AGI – Ricostruire le pratiche culinarie nel Caucaso risalenti all’età del bronzo. A questo obiettivo è stato orientato uno studio, pubblicato sulla rivista Proceedings of the National Academy of Sciences, condotto dagli scienziati dell’Università di Bari e dell’Università di Bonn. Il team, guidato da Maxime Rageot e Giulio Palumbi, ha applicato analisi tecnologiche, morfologiche, di usura e biomolecolari a 52 vasi ceramici provenienti dall’insediamento di Qaracinar, nell’attuale Azerbaigian, datati tra il 2900 e il 2600 a.C.
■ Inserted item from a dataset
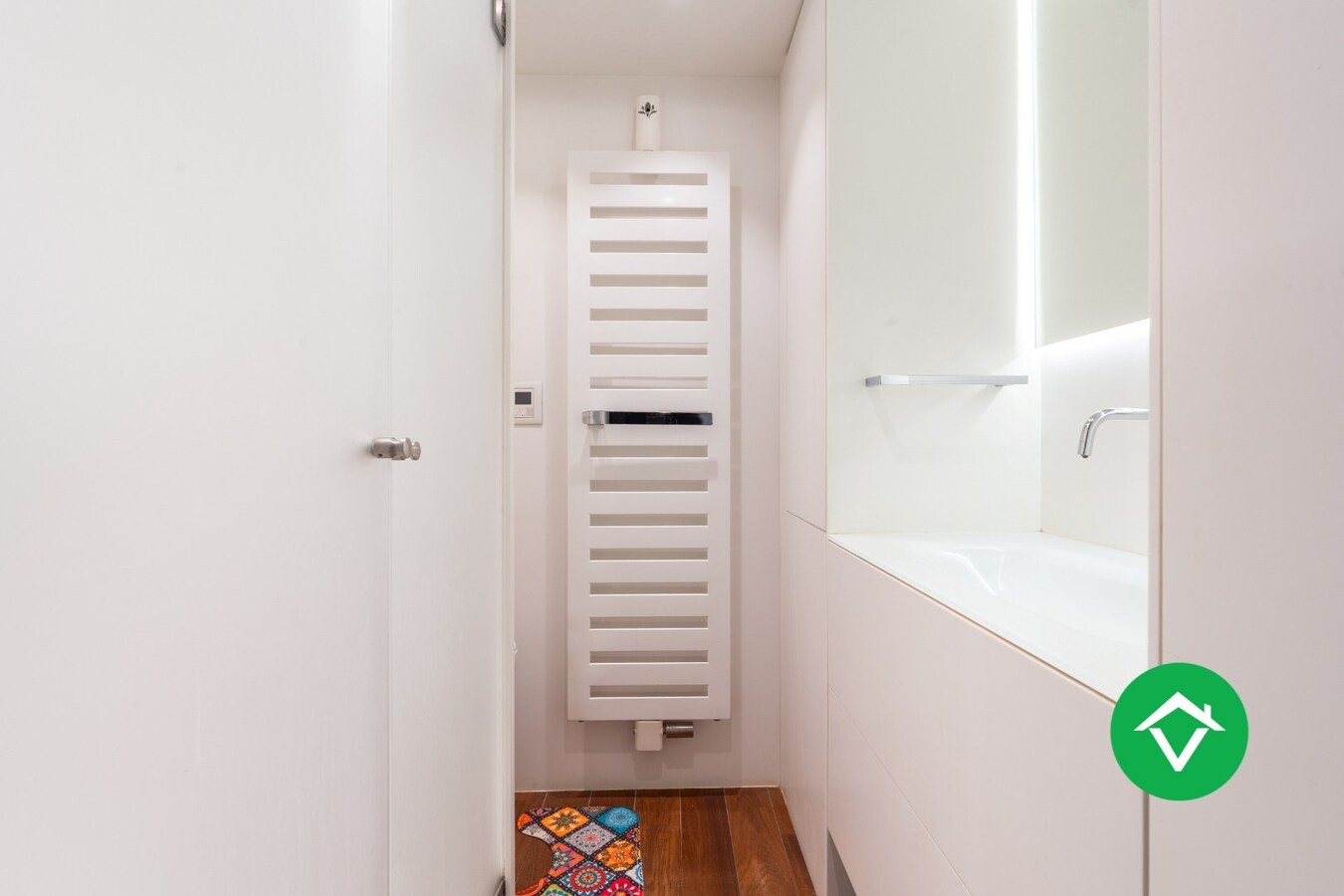 Instapklaar bemeubeld hoekappartement met 2 slaapkamers te koop in Oostende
La tradizione culturale Kura-Araxes, spiegano gli esperti, è emersa nel Caucaso meridionale intorno alla metà del IV millennio a.C., per poi diffondersi nell’Asia sud-occidentale tra l’inizio e la metà del III millennio a.C. Il gruppo di ricerca ha esplorato le abitudini alimentari e le pratiche culinarie di questa popolazione. L’analisi ha identificato residui organici legati a prodotti a base di frutta e uva, oli e cere vegetali, resina di conifere, latticini e grassi di carcasse di ruminanti.
I risultati delle analisi sui residui organici nel Caucaso
Gli scienziati hanno anche individuato marcatori di trattamento termico dei grassi di carcasse e dei prodotti lattiero-caseari, compatibili con cotture ripetute. Il team ha documentato una distinzione funzionale tra le tipologie di ceramica. Le abbondanti ceramiche monocromatiche sembrano essere state utilizzate principalmente per cucinare, mentre le caratteristiche ceramiche brunite di colore rosso-nero erano probabilmente destinate al consumo di bevande a base di latte, frutta o uva.
La conservazione degli alimenti e il vino primitivo
Allo stesso tempo, gli autori hanno scoperto evidenze preliminari di lavorazione e conservazione degli alimenti, tra cui la trasformazione dei latticini in prodotti secondari e il possibile consumo di un vino primitivo aromatizzato con resine di conifere. Questi reperti, concludono gli scienziati, offrono spunti di riflessione sulle pratiche culinarie e sulla vita quotidiana delle comunità di Kura-Araxes.